• _Directions_
When you reach the line that contains "Dmitri Hvorostovsky Largo", begin copying exactly and continue through the last line below. Do not copy pictures.

• _Data provided_
= Beginning of Section =

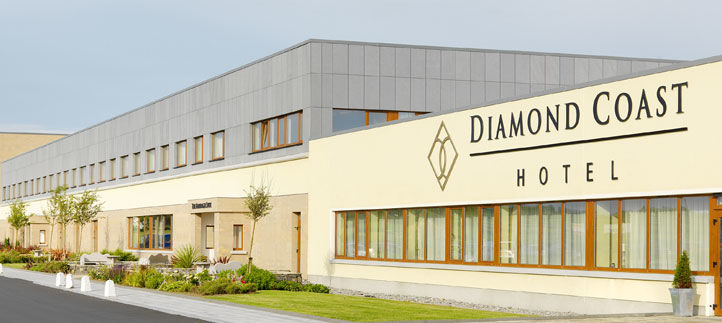 Diamond Coast Hotel Enniscrone Zewnętrze zdjęcie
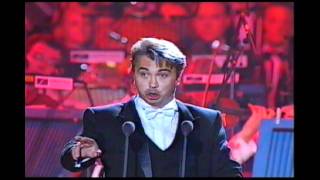 Dmitri Hvorostovsky Largo al Factotum Barber of Seville Rossini  Liverpool 1992 [upl. by Dorreg]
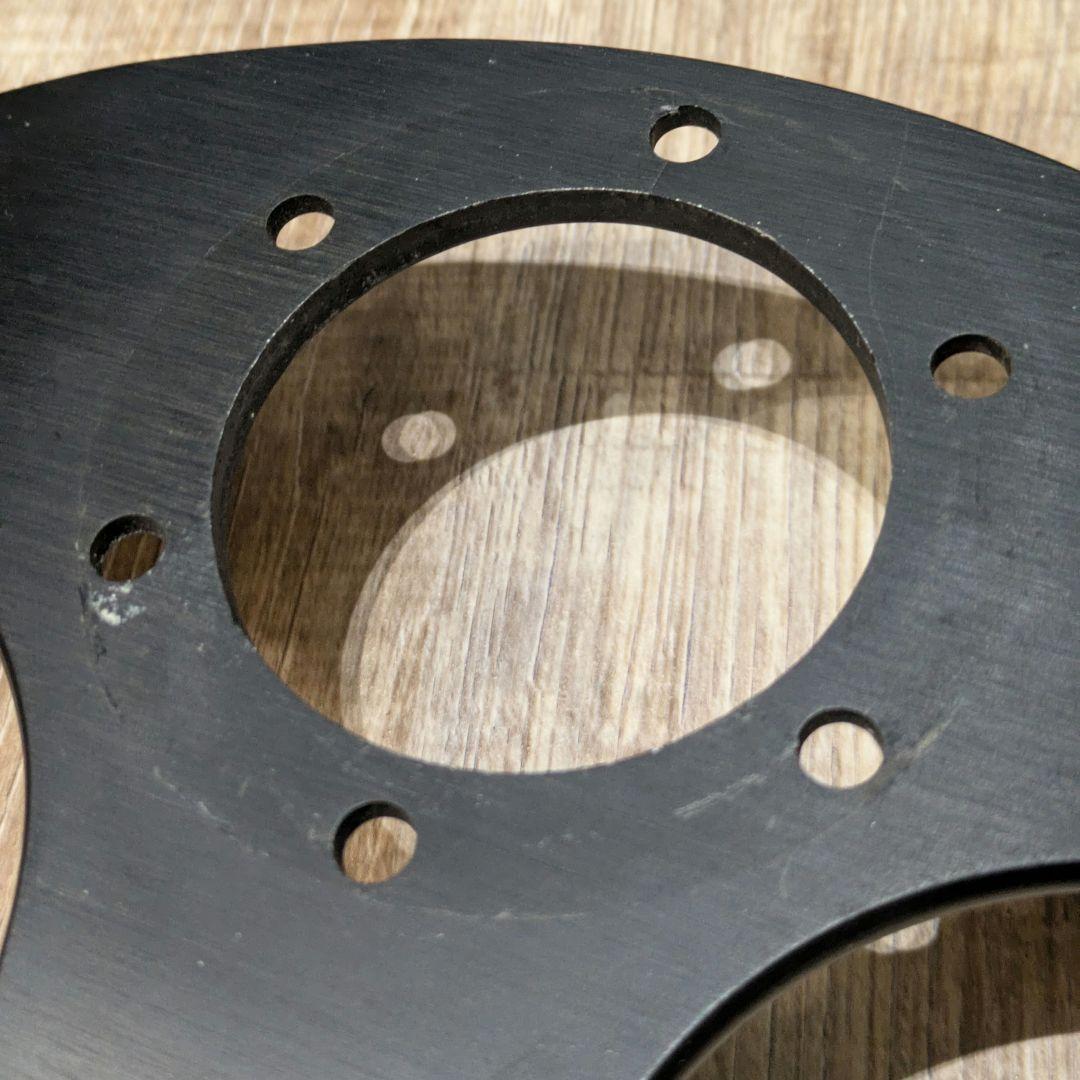 MOMO Cavallino 2　レザー　ブラック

= End of Section =

• _Task output_
 Dmitri Hvorostovsky Largo al Factotum Barber of Seville Rossini  Liverpool 1992 [upl. by Dorreg]
 MOMO Cavallino 2　レザー　ブラック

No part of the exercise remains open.